I also spent a lot of time with mothers. All amazing woman, all with a different story and all with a different outlook on things. All had great advice about my situation and a lot of fearful stories of what I'm in for. I have learned I have to find my own way when it comes to being a mommy and learn how to deal with my situation how I need to. I think I need to find one mommy mentor, someone who is a lot like me, with the same sort of lifestyle and get my bulk of advice from that one mommy and just listen to everybody else. So auditions for being my mommy mentor will commence. Payment in friendship and bottles of wine.
Coming home was a reality slap, I almost had a panic attack last night and I did cry myself to sleep I admit. I am waiting for the full panic attack to strike I can feel it coming, it's building up. I realised I have like 3 months left of pregnancy which I hate but I'm starting to think maybe I can try find a way to keep the baby inside of me. I'm really freaking out, everyone says don't worry it all comes naturally and then proceed to tell me horror stories of motherhood and how it's absolute hell most of the time.

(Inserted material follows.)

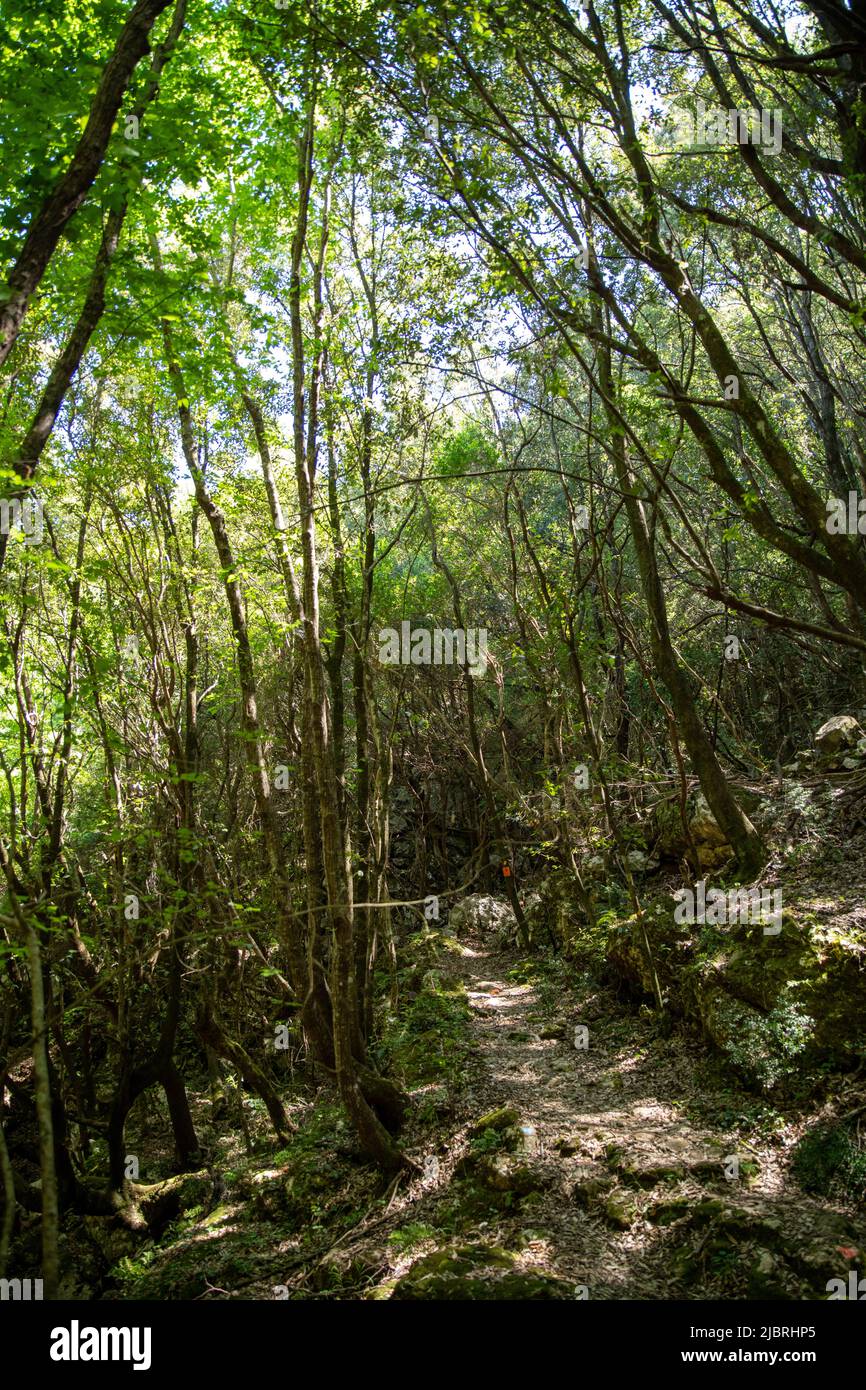 Eichenwald in Korfu Griechenland. Teil des Corfu-Weges. Stockfoto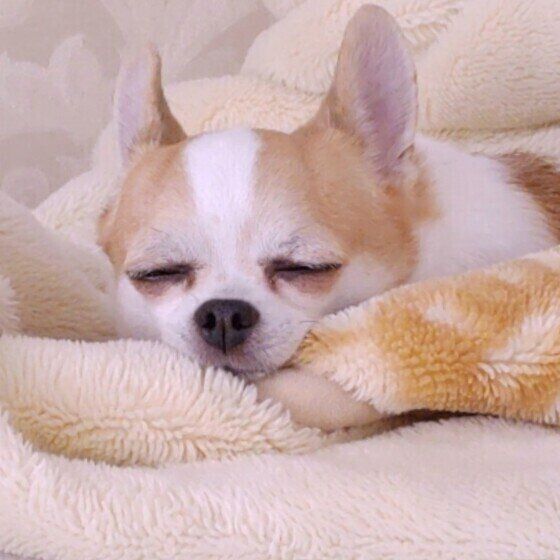 チワワのココくん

I have changed the date of the baby shower, so I am redoing invitations, all 100, luckily I hadn't handed them out yet and I have so much do still for it. Actually I still have everything to still do. The baby room is coming along really nicely, my mom and sister did an amazing job finishing the murals while I was gone and Darell is coming over on Saturday to finish things up.
Other than that I need to decide on "natural with drugs" (apparently that's not natural) or a "c-section" - I wish you didn't actually have a choice, I wish there was only one way. I feel both choices I make are probably going to end in disaster and both are giving me nightmares.